Build Syntax

The "BuildSyntax" is a way EdwardKiser invented to write SchemeLanguage programs out of order. It is inspired by LiterateProgramming, but it only has the advantages of the "tangle" part of the implementation. It is useful for highly parenthesized languages.

It looks like this: [This is an excerpt from real code. It has references to the rest of the code, which has been omitted. I need a shorter example!]

 BUILD (define make-stack (lambda () $make-stack-body)) WHERE
 $make-stack-body = (let* ($vars) $let-body) ;
 $vars = $var-size
   $var-space $var-the-vector $var-respace-to
   $var-ideal-space
   $var-oversize-ok?
   $var-resize-to
   $var-push! $var-pop!
   $var-abs-addr $var-rel-addr
   $var-get-builder $var-set-builder
   $var-rel-get $var-rel-set!
   $var-abs-get $var-abs-set!
   $var-alloc! $var-free!
   $var-get-depth ;
 $let-body = (lambda (msg) $dispatch) ;
 $dispatch = (case msg
   ((push!) push!) ((pop!) pop!)
   ((rel-get) rel-get) ((rel-set!) rel-set!)
   ((abs-get) abs-get) ((abs-set!) abs-set!)
   ((alloc!) alloc!) ((free!) free!)
   ((get-depth) get-depth)
   (else #f)) ;

 $var-size = (size 0) ;
 $var-space = (space 10) ;
 $var-the-vector = (the-vector (make-vector space #f)) ;

 $var-respace-to = (respace-to (lambda (newspace) $body1)) ;
 $body1 = (if $respace-bad $respace-error $body1a) ;
 $respace-bad = (not (and (< size space) (< size newspace))) ;
 $respace-error = (error `("Size:" ,size "Old Space:" ,space
   "New Space:" ,newspace)) ;
 $body1a = (let ($var-newvec) $body2) ;
 $var-newvec = (newvec (make-vector newspace #f)) ;
 $body2 = $copydata $set-value $set-space #t ;
 $copydata = (vector-copy-range the-vector 0
   (min size newspace) newvec 0) ;
 $set-value = (set! the-vector newvec) ;
 $set-space = (set! space newspace) ;

And so forth. Add the occasional comment, and it's almost like writing in WEB.

It's easy to implement. Try writing it using itself, then going through it manually. That's what I did.

I don't think any text editor can do what the Build syntax can do. Build is more than just a syntax; it's a way of thinking. I have written things with Build that I couldn't have written without it. I used to do Building on paper before it occurred to me that I could write an automated tool in Scheme itself. I wasted some time thinking about writing a more advanced version in C++, before I realized Scheme was easier. (I've also thought about doing Build for C++, but there my aim was to avoid duplicate typing between declarations and definitions, things like that, and the syntax was much more complex.)

-- EdwardKiser

That syntax is as ClearAsMud?.

Well, you have to know the SchemeLanguage to make sense of it.

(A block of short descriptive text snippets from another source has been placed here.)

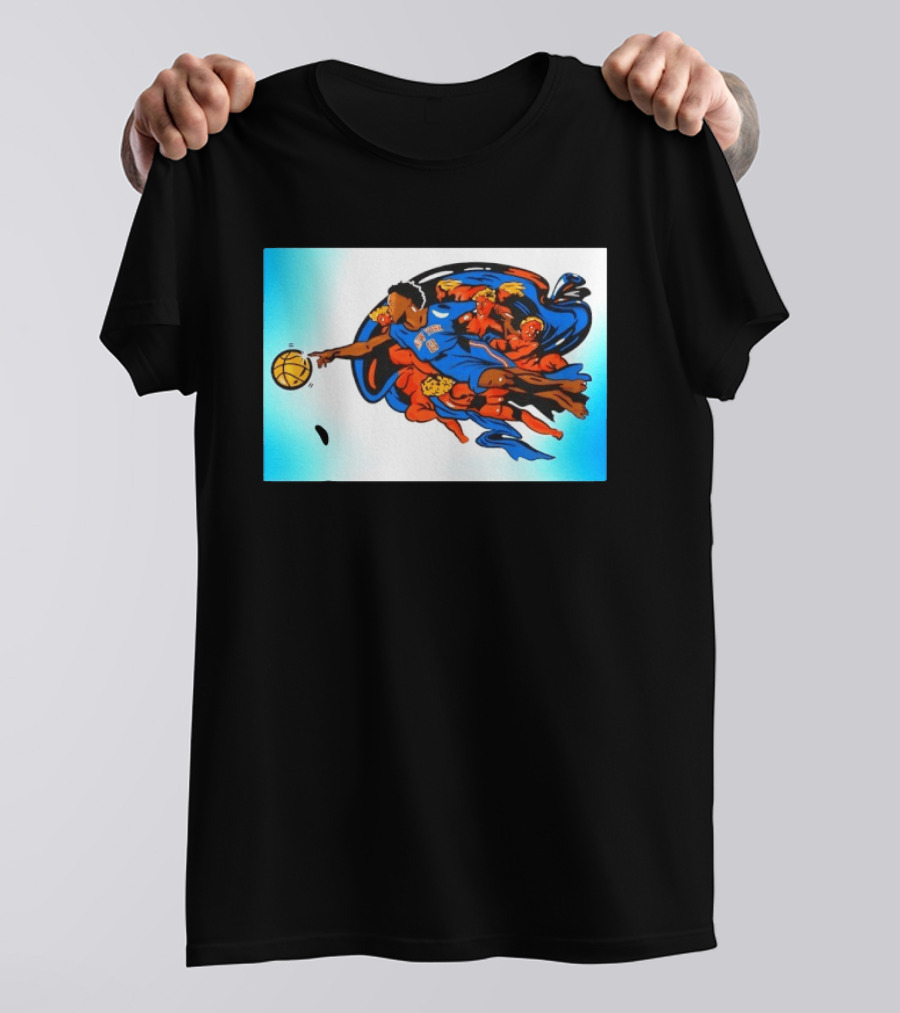 OG Anunoby New York Knicks Creation Of Adam Basketball T-Shirt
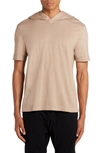 BOTTEGA VENETA HOODED JERSEY T-SHIRT,646935V0IR0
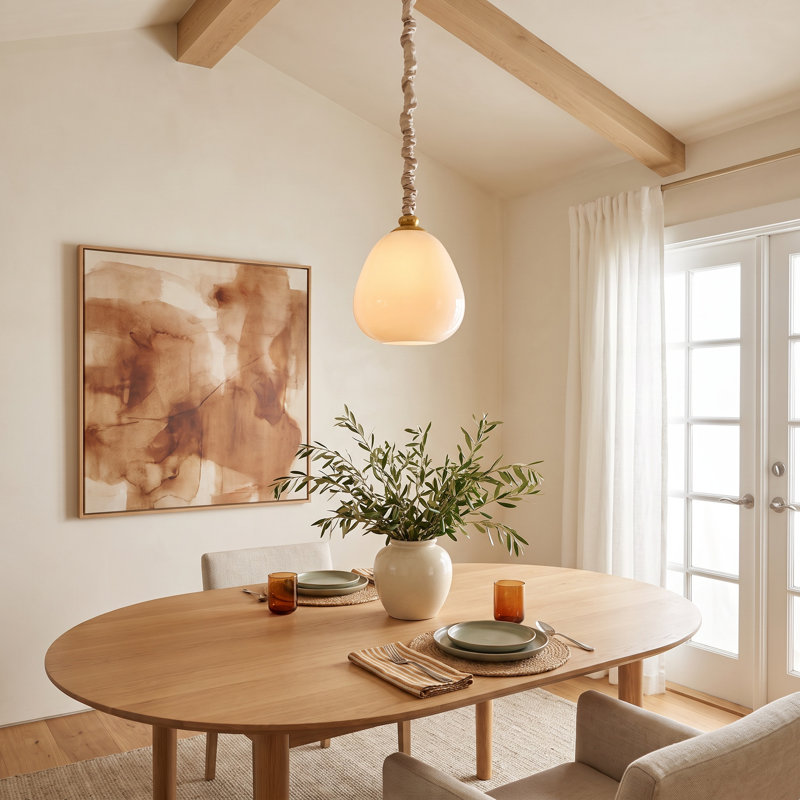 Remi 1 Light Pendant by Hilary Matt for Mitzi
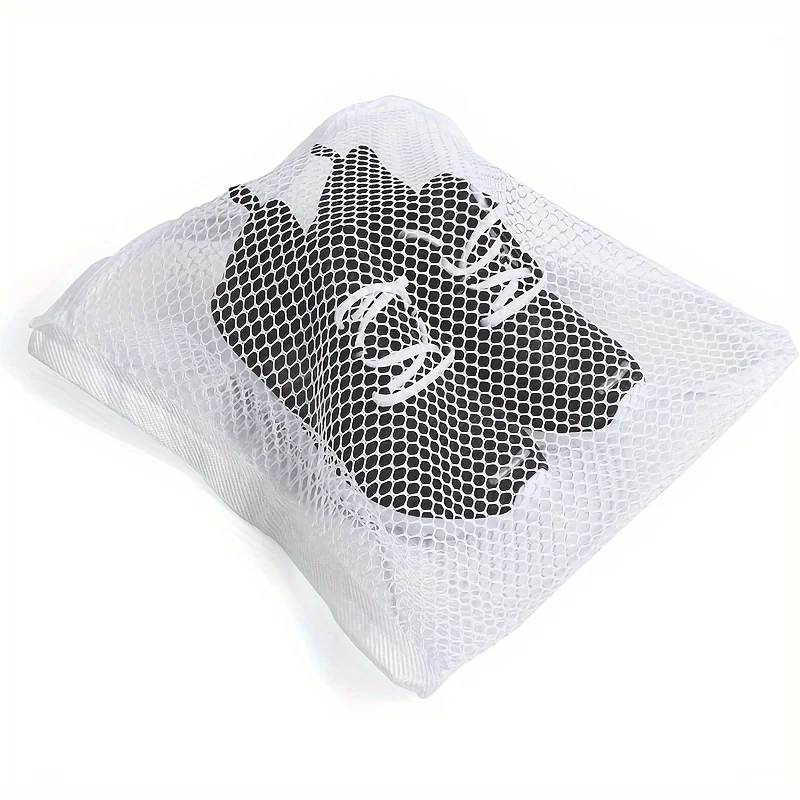Reusable Sneaker Dryer & Washer Bag, Honeycomb Mesh with Zipper & Strap, Elastic Adjuster for Most Dryer Doors, Easy To Install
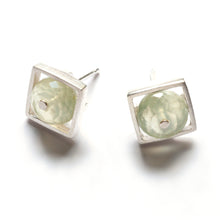 CXM01PE - Square Cage Earrings, post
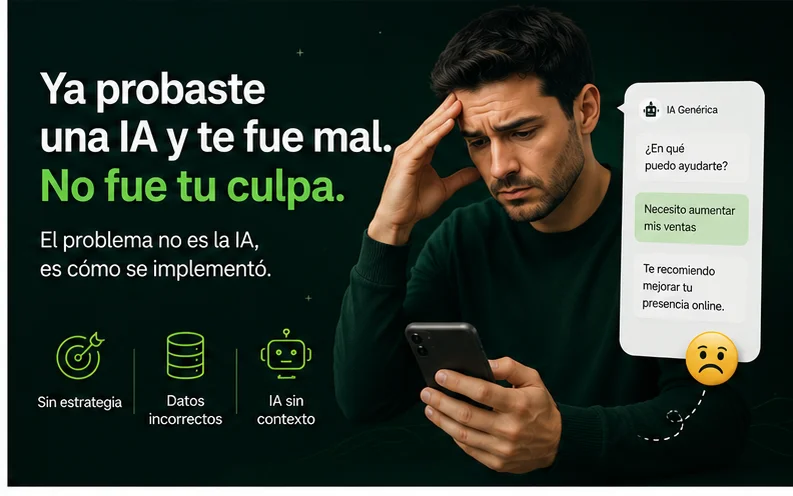 Imagen del artículo: Ya probaste una IA y te fue mal. No fue tu culpa.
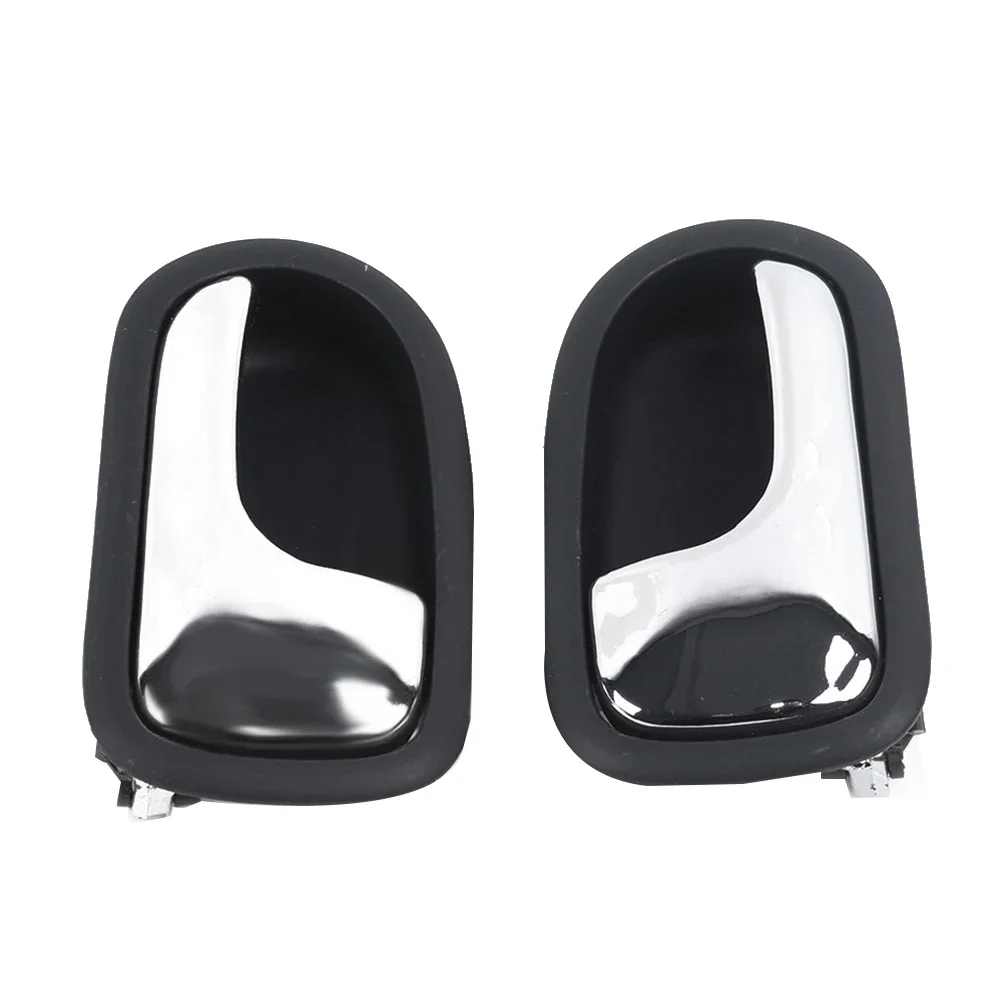 Chrome Interior Inside Inner Door Handle For Mazda 626 1993-1997 For Ford Liata Activa Tierra For Protege 323 95-03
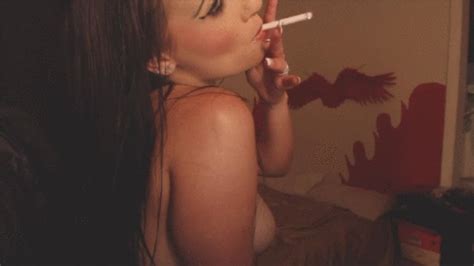 Luvlybelle Naked Belle Kicked Back Smoking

I should have mentioned that before you commented; I have already gone back and corrected the description.

Those body1, body2, body1a, etc, still pretty much yell CodeSmell to me.

Looks interesting Edward! Next time I get back into Scheme-like programming I'll have to come back to this page for some ideas. -- RobHarwood

That's pretty cool! I've been a big fan of the SchemeLanguage for years. This looks like using BackusNaurForm to express scheme functions. Can you recurse in your syntax? Or maybe you wouldn't want to.... -- IainLowe

BNF is more complicated than this! In BNF you can say A = B | C | D E, but the BUILD syntax only allows one choice.

I created an extension once where you could express a rule in terms of itself. You could write

 $vars = one two three ;
 $vars = $vars four five six ;

and, being read from the top down, it would be seen as equivalent to

 $old_vars = one two three ;
 $vars = $old_vars four five six ;

. This was less useful than I had hoped. I wanted it to be an error if I accidentally had two substitution variables named $body or $params or something; this made it a non-error. What I really should do instead is have some kind of scoping rules.

But why would you simplify Scheme like that? I mean, couldn't you have written:

 (define *vars* (list 'one 'two 'three))
 (define *vars* (cons *vars* (list 'four 'five 'six)))

Or is the idea that it's just a different syntax for writing in SchemeLanguage?

It's a different syntax. It allows forward references.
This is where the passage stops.